Bunun suçlusunun kim olduğunu daha sonra arar tartışabiliriz.
Komşularımızın tamamının bize hasım hale geldiklerini biliyor muyuz?
Evet onu da biliyoruz.
Bununda sebeplerini ilerde tartışır öğreniriz.
Şu anda yapacağımız tek şey, Bu güne kadar uygulaya geldiğimiz yöntemin dışında, Barışı, kardeşliği ve ülkede huzuru sağlamak istiyorsak eğer, hemen Tüm Üniversitelerdeki bütün sosyologları, psikologları acilen toplantıya çağırıyoruz. Bir Mastır çalışması yaptırıyoruz. Sorunun nasıl kesin ve kalıcı çözüme ulaştırılacağının bilimsel çalışmalarını yaptırıyoruz.
Hamasi nutuk atanlardan değil. Empati yapabilenlerden yararlanıyoruz.
Güçlünün adaletini savunanlardan değil. Hakkın, adaletini savunanlardan, bilgileniyoruz.
Çoğunluğun psikolojisi ile saldıranlardan değil. Adil olarak yapılması gerekenleri bilimsel zemine oturtup, gerçek tarihi yazabilecek akademisyenlerden ve korkusuzca fikirlerini söyleyebilecek yürekli, masum insanlardan. Çözüm üretmelerini sağlamamız lazım.
Ne demek istediğimi anlaya biliyor musunuz okurlarım?
Her dediğimizi alkışlayan, cahil, yanlışları söyleme cesareti gösteremeyen, dilsiz şeytanlardan, doğru kılavuz olmaz.

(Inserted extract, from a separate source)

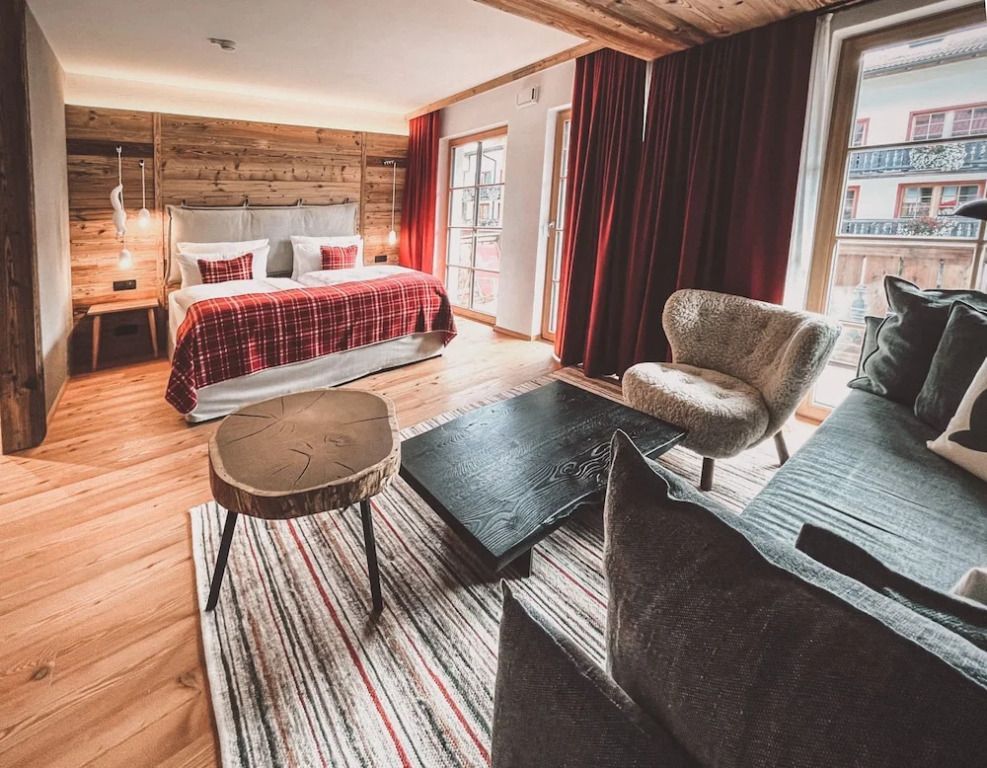 Gemütliche Junior-Suite mit Holzakzenten, Doppelbett und gemütlicher Sitzecke.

Bunlardan güç alanların da sonları hiç iyi olmaz.
Dünya bizim televizyonlarımızda seyrettiğimiz, Türkçe haberlerden ibaret değil.
20 yıl sonra bu yanlış uygulamalarımızdan dolayı, Milyon Avrolarla, cezaları bizim torunlarımız ödemek zorunda kalabilirler.
Dünya kamu oyunda barbar, acımasız, zalim, bir Millet olarak tarihe geçmek üzereyiz. Diyorsunuz ki “öyle geçmedik mi tarihe.” Bu tarihi de değiştirebiliriz.
Dünyada “biz yaptık oldu” diye bir şey yok. Uyguladığımız her yöntem insani olmak zorunda ve Aleyhimize delil olmamak mecburiyetinde.
Diğer yandan Olayların ekonomik yanını nedense hep göz ardı ettik. Onu da daha sonraki yazılarımızda inceleyelim isterseniz. Saygılarımla.